___ AVAILABLE DATA

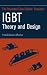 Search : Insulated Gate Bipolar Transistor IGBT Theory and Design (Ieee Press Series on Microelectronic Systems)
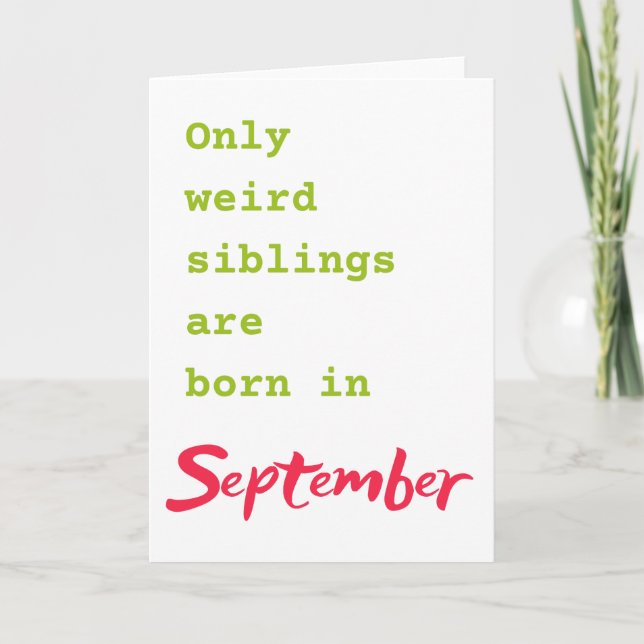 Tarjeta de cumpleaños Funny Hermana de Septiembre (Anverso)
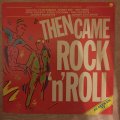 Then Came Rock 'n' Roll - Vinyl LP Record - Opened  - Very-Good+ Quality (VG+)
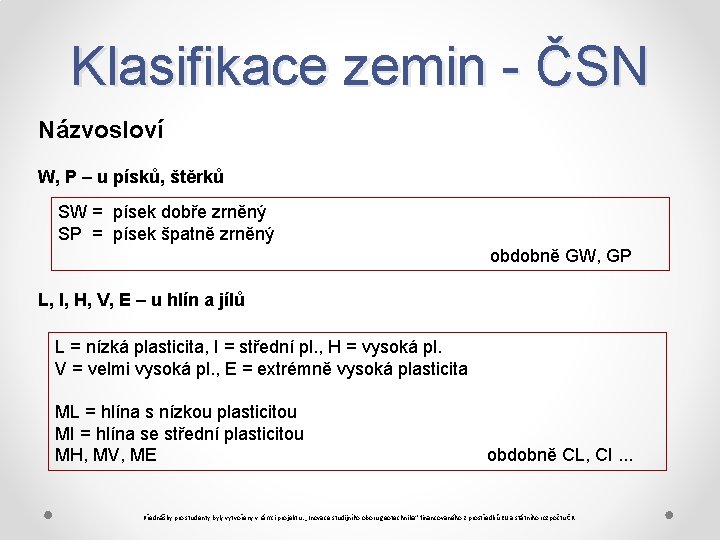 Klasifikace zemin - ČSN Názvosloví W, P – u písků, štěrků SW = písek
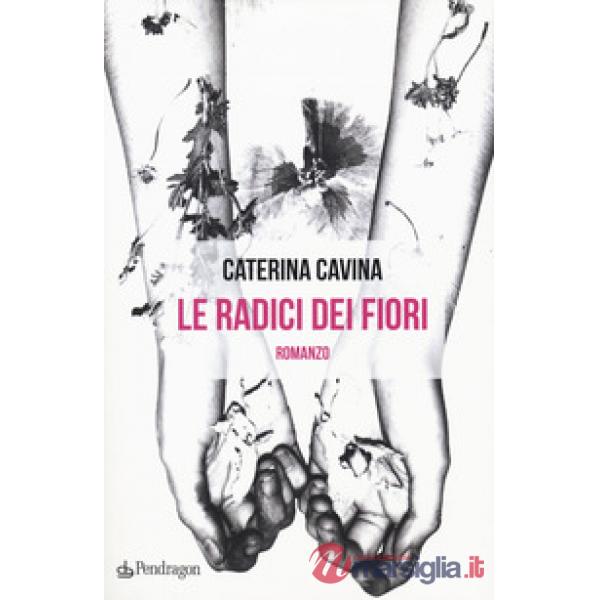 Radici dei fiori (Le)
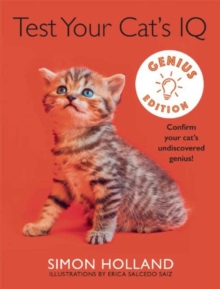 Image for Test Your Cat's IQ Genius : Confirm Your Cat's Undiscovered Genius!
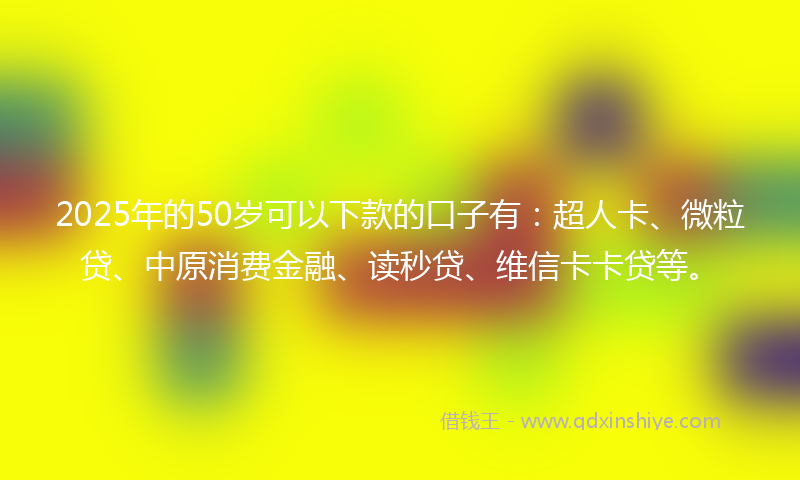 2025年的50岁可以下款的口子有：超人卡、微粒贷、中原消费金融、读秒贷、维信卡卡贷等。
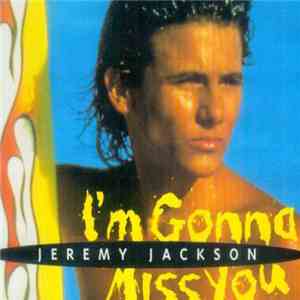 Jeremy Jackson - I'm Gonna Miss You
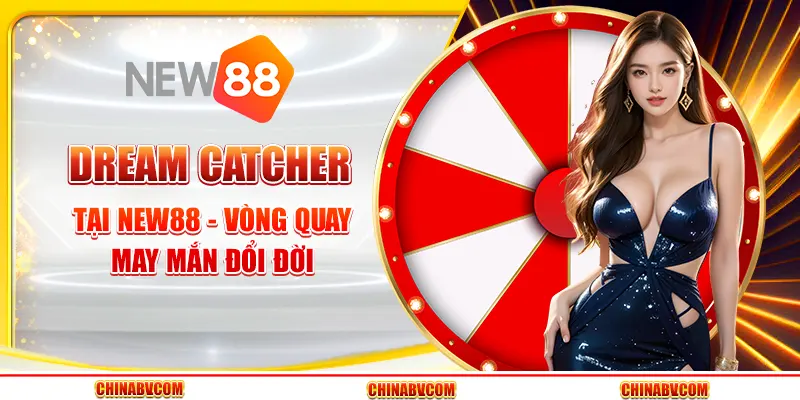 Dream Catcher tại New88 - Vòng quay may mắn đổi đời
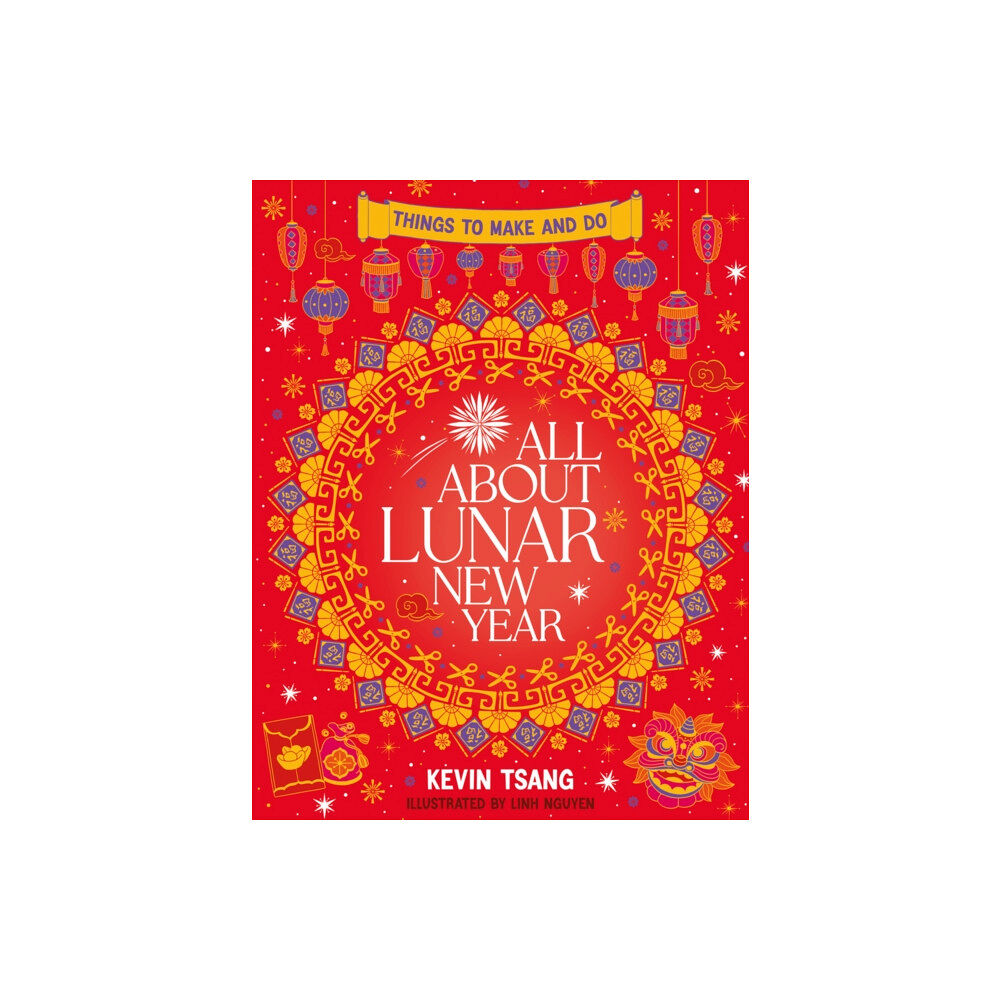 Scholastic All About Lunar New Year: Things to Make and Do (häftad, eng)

______

EXERCISE AIM> Please output every entry exactly as written, apart from the pictures.

WRITTEN RESPONSE>
 Search : Insulated Gate Bipolar Transistor IGBT Theory and Design (Ieee Press Series on Microelectronic Systems)
 Tarjeta de cumpleaños Funny Hermana de Septiembre (Anverso)
 Then Came Rock 'n' Roll - Vinyl LP Record - Opened  - Very-Good+ Quality (VG+)
 Klasifikace zemin - ČSN Názvosloví W, P – u písků, štěrků SW = písek
 Radici dei fiori (Le)
 Image for Test Your Cat's IQ Genius : Confirm Your Cat's Undiscovered Genius!
 2025年的50岁可以下款的口子有：超人卡、微粒贷、中原消费金融、读秒贷、维信卡卡贷等。
 Jeremy Jackson - I'm Gonna Miss You
 Dream Catcher tại New88 - Vòng quay may mắn đổi đời
 Scholastic All About Lunar New Year: Things to Make and Do (häftad, eng)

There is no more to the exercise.